CALABRIA / Lentitud Antigua
Badolato (Calabria). "M'hija... ¿está casada? ¿Si? Y, ¿cuántos hijos tiene? ¿No tiene hijos? Y, ¿Por qué?, ¿Por qué no tiene hijos?", me cuestionan María Assunta, de 82 años, y Rosa, de 72 años, mientras caminamos por las callejuelas de Badolato, un pueblo perdido y despoblado de la Calabria más profunda, ejemplo brillante de ese sur de Italia aislado y arrinconado en creencias y valores que fatigan a resistir en el siglo XXI.
"Antes los hijos caían del cielo. Yo tuve siete hijos y estuve casada por 52 años, hasta que mi marido murió", acota en un rígido dialecto calabrés María Assunta. "Ahora a lo sumo las parejas duran 52 meses", interrumpe Rosa lanzando una carcajada.
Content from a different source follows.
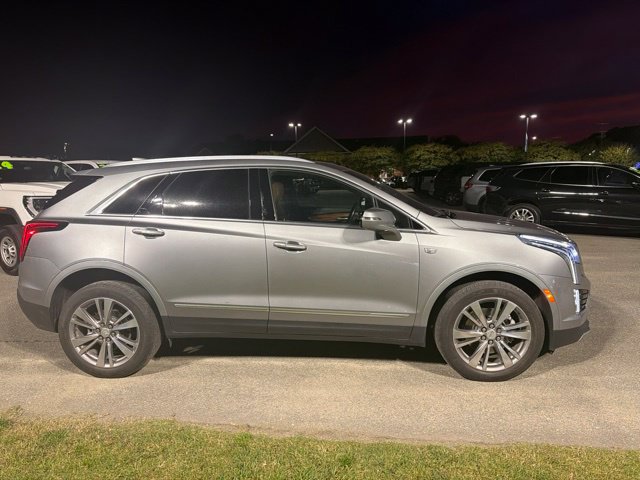 Used 2024 Cadillac XT5 Premium Luxury SUV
María Assunta también sonríe. Vestidas ambas de negro, con canastos en las cabezas, las dos mujeres parecen salidas de un filme de otras épocas. Caminan descalzas. "Porque así nos sentimos más libres", aseguran.
La frase hace eco en el valle mientras las mujeres prosiguen narrando sus relatos. Al ser ancianas, aseguran, han visto pasar por Badolato generaciones que nacían, crecían y se marchaban. Hoy, en el pueblo, han quedado unas 300 personas. En su mayoría, ancianos.
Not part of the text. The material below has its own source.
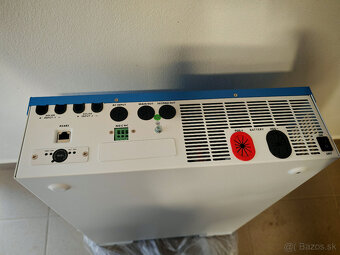 Hybridný menič 11KW 1F ANENJI - 3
Pero no siempre ha sido así. El desploblamiento inició con los rigores de la posguerra, con los habitantes del sur de Italia en fuga hacia los centros industriales y económicos que fueron los grandes protagonistas del desarollismo: Roma, Turín, Milán y, claro, el norte de Europa.
Rosa, que vivió diez años en Suiza trabajando en industrias, cuente que antes de los años '60 y del boom económico de Italia aquí había hasta un cine y una fábrica de soda. En ese entonces, María Assunta y Rosa participaban activamente a la política, me dicen.
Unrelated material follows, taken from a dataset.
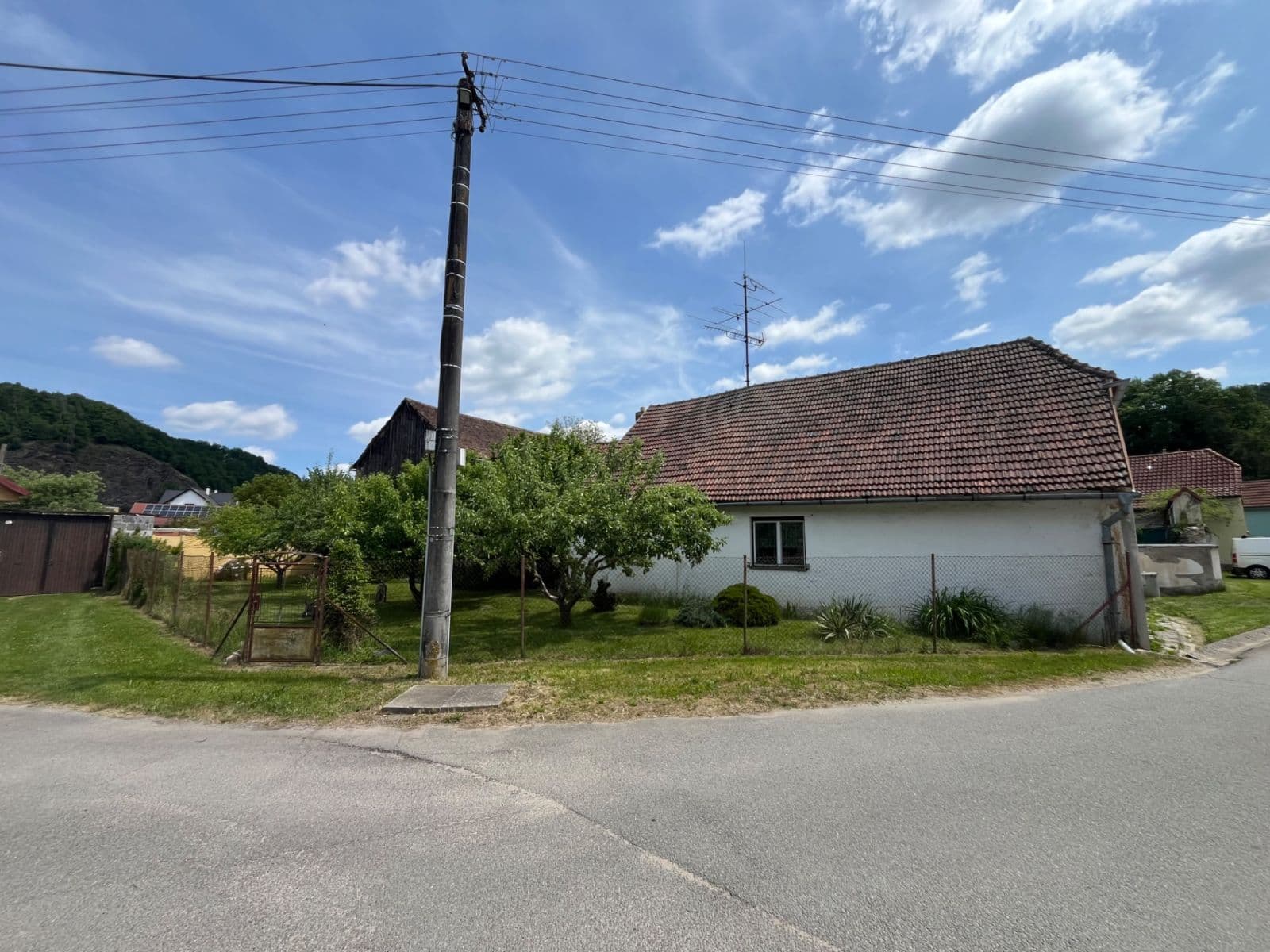 Prodej chaty, chalupy 160 m², pozemek 1.550 m², Podhradí nad Dyjí, Jihomoravský kraj Prodej chaty, chalupy 160 m², pozemek 1.550 m², Podhradí nad Dyjí, Jihomoravský kraj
"Luchábamos por nuestros derechos, por los de los trabajadores, para tener un mejor futuro. Estábamos en primera fila en las manifestaciones", aseguran con fiereza.
De repente, frente aquellas palabras, me siento aturdida. Me doy cuenta que dentro de mi historia está naciendo otra, más real. Poco a poco, a pesar de que no entiendo bien el dialecto local, Rosa y María Assunta me adentran en su mundo y, como en la leyenda de la caja de Pandora, surgen los secretos.
Y así, mientras ilustra su terraza con la conserva de higos secos, María Assunta cuenta que tuvo una octava hija pero la donó a su hermano porque éste no podía tener hijos. La historia suena increíble.
"Hoy ella sabe todo pero me llama tía". "¿Y usted no lloró por ella?", se le pregunta. "Pues sí, mucho, muchisímo", agrega, con los ojos mojados y con la cara de quién está a punto de abrirte su armario de esqueletos.
Ya es tarde y hay que irse. María Assunta y Rosa me despiden. "Serás
siempre bienvenida", me dicen mientras me alejo corriendo hacia una cita y preguntándome que quizás un poco más y hasta se hablaba de lo que nunca se habla en estos pagos: la terrible y misteriosa mafia calabresa, la 'Ndrangheta. Quizás.